The Art and Life Journey of Susan Kleckner: A Focus on Raw Material

More than four decades after she helped shape feminist film and performance, Susan Kleckner is finally receiving the institutional recognition she was long denied. “Raw Material: The Art and Life of Susan Kleckner,” on view at Haverford College’s Cantor Fitzgerald Gallery through April 5, 2026, is the first comprehensive retrospective of the pioneering feminist artist, filmmaker, photographer, and performance artist. Bringing together nearly 100 works, many never before publicly exhibited, the exhibition seeks to reposition Kleckner as a foundational figure in feminist, queer, and activist art histories.
Active from the 1970s onward, Kleckner worked across film, photography, performance, collage, and installation, insisting that art function not as a polished commodity but as a site of political urgency, care, and survival. The exhibition’s title references an unrealized late-life project documenting her experiences of institutionalization and recovery. For Kleckner, the “raw” was not preparatory — it was the work itself: embodied, provisional, and unfiltered.
Despite her centrality to feminist art and film circles, Kleckner’s legacy was marginalized by structural inequities and compounded by mental and physical illness. This retrospective emerges from years of archival recovery centered on the Susan Kleckner Archives at the University of Massachusetts Amherst.
Highlights include the documentation of the Greenham Common Women’s Peace Camp, the 19-year anti-nuclear protest in England; materials from “Window Peace” (1986), her year-long SoHo storefront performance in which over 40 women artists sequentially occupied a display window as an act of endurance and visibility; and landmark feminist films including “Three Lives” (1971), the first feature-length documentary produced by an all-women crew, and “Birth Film” (1973), one of the earliest feminist films to document childbirth.

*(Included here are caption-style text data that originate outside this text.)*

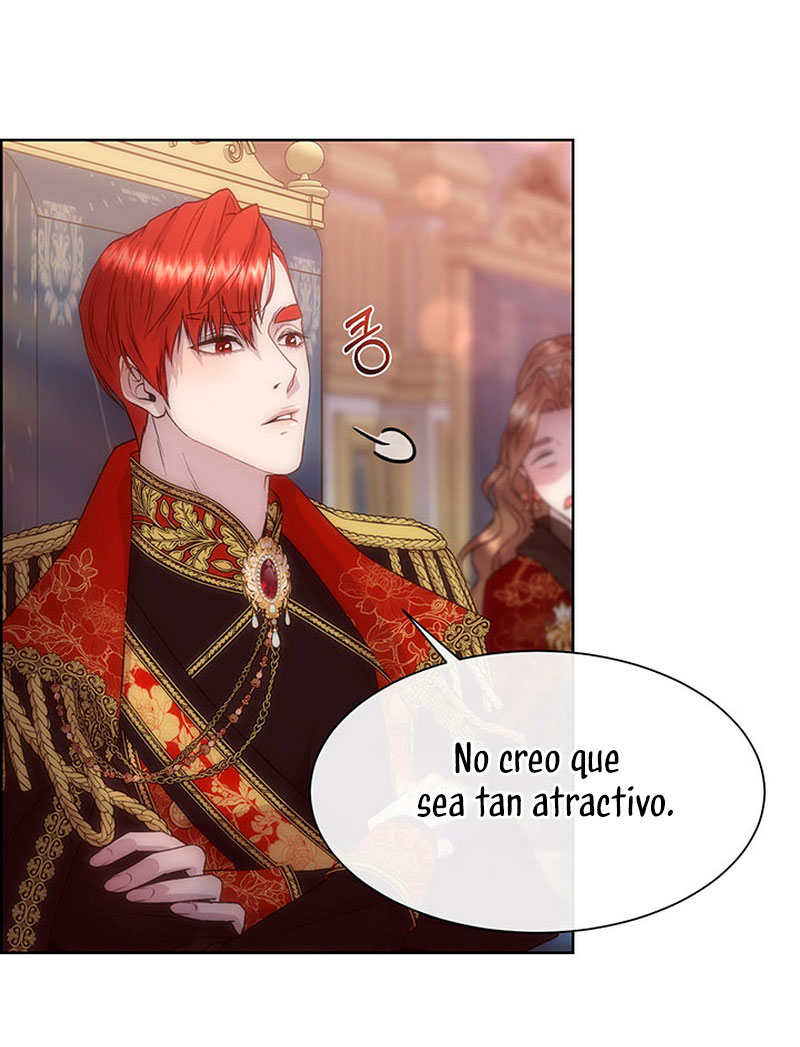 Torceré el cuello de un perro amistoso Capítulo 68 - Página 30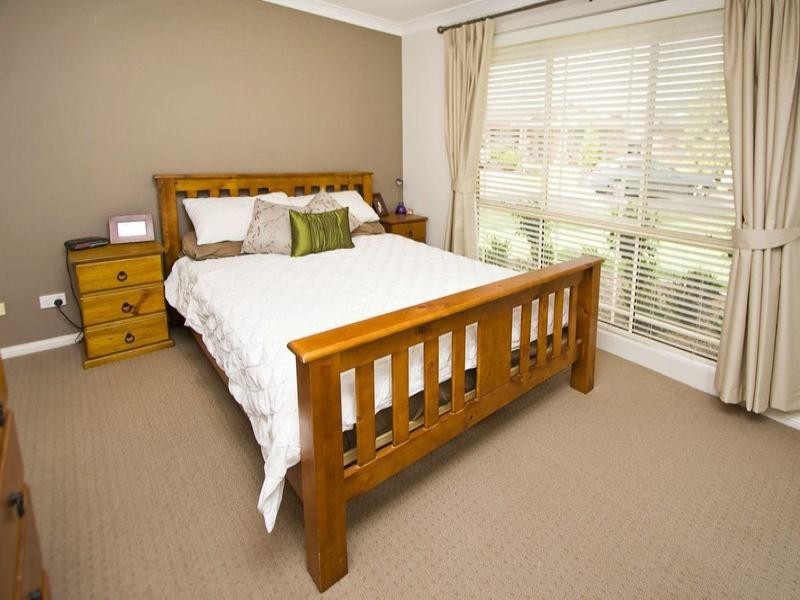 3 Midin Close, Glenmore Park NSW 2745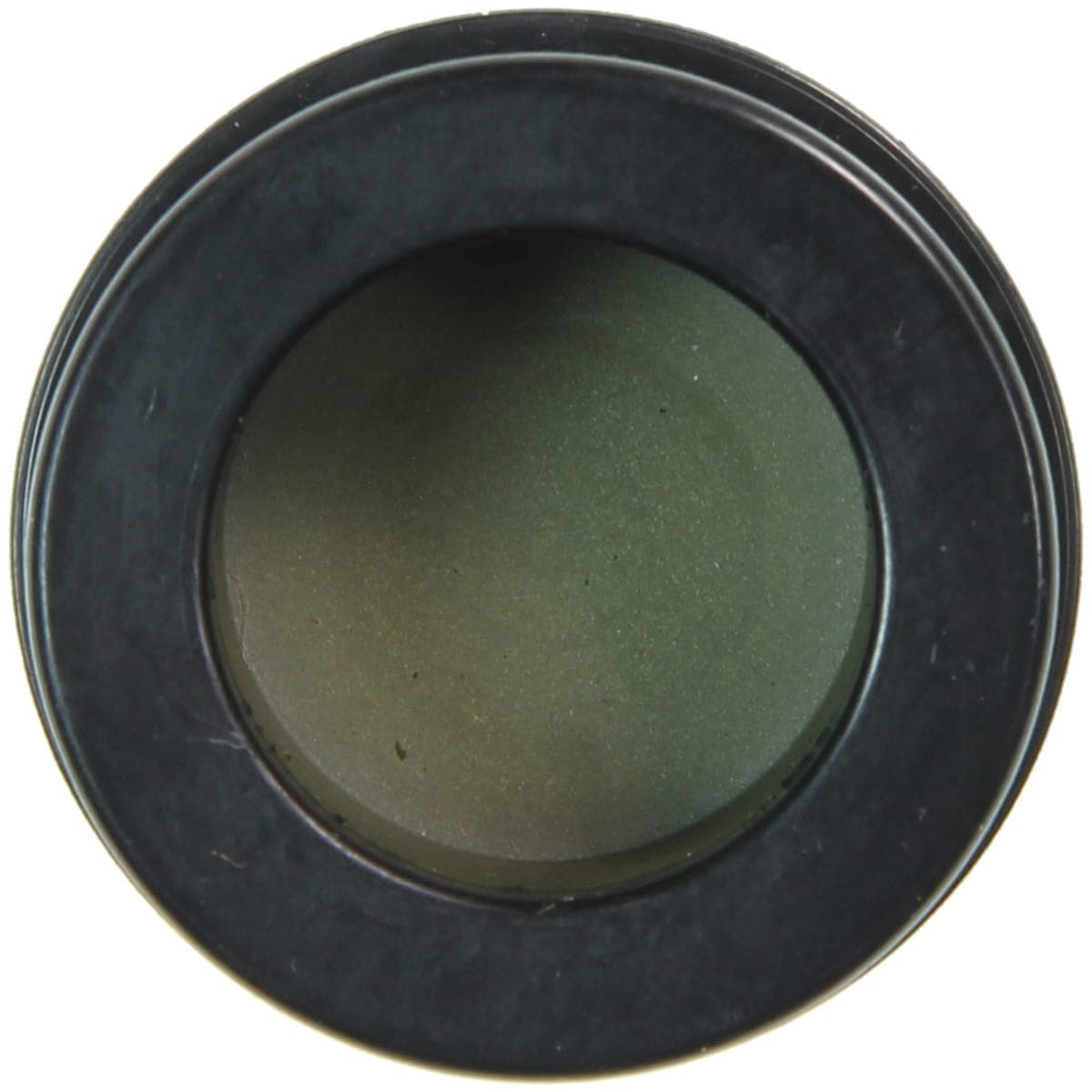Fel Pro ES72476 Camshaft Plug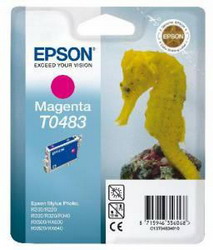   Epson C13T04834010 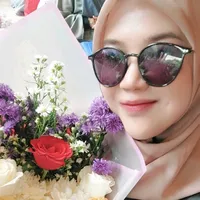 original sound - vioviolet_913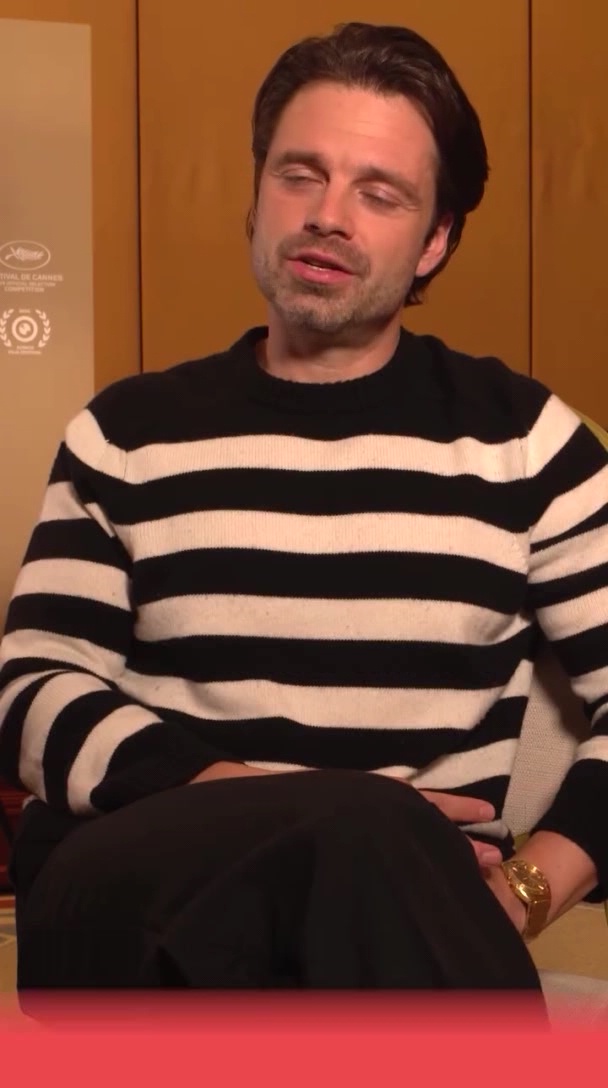 000_01_0169.jpeg 000_01_0169.jpeg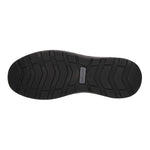 Lade das Bild in den Galerie-Viewer, Josef Seibel Slipper/Kletthalbschuh mit Mehrweite Freizeit (sportlicher Boden) MARLEY 52
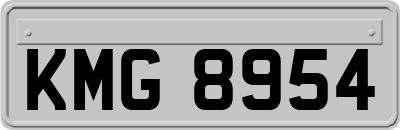 KMG8954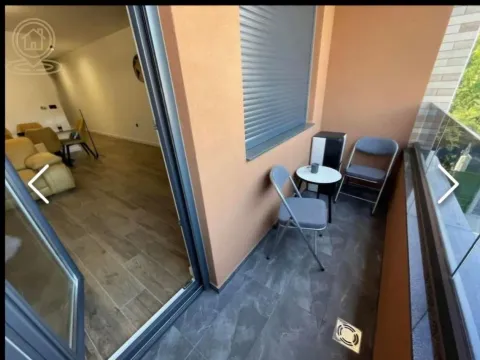 Prodaja, trosoban stan, 90m², Veternik, Novi Sad Sve Podlokacije - image 15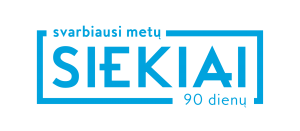 siekiai_logo-05
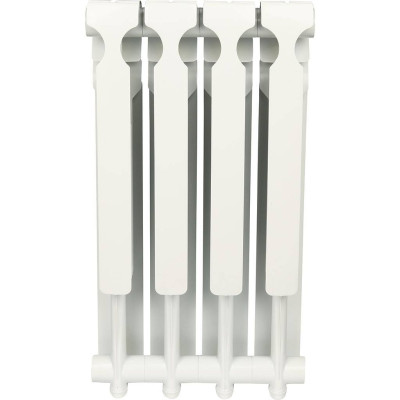 �������� ����������� ROMMER OPTIMA 500/80/4 ������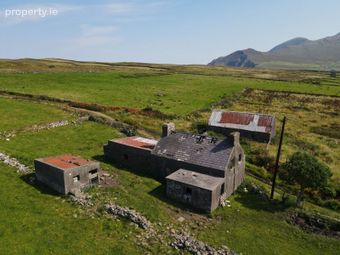 Graffee, Ballydavid, Co. Kerry - Image 3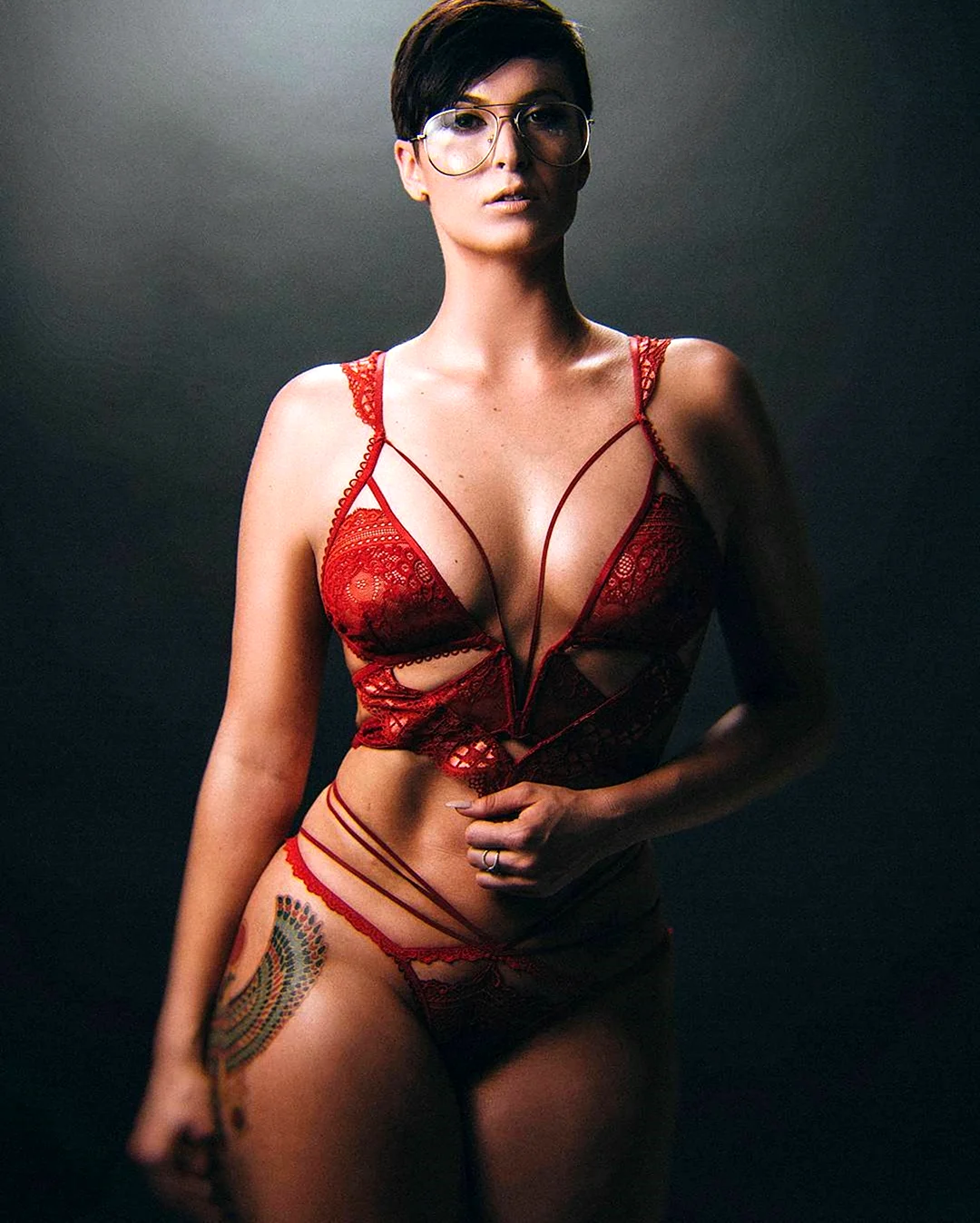Zahra Elise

Extending beyond Haverford’s campus just outside Philadelphia, a citywide series in partnership with Lightbox Film Center and Public Trust reactivates Kleckner’s durational and public practices. Programs include screenings of her films, a live musical accompaniment to “Desert Piece (Outtakes)” (1980), and a reimagining of “Window Peace” that bridges historical recovery and contemporary feminist practice.
At a moment when reproductive rights, bodily autonomy, and protest movements are again under threat, “Raw Material” intends to underscore Kleckner’s prescient insistence that art is inseparable from political life — and that visibility itself can be an act of resistance.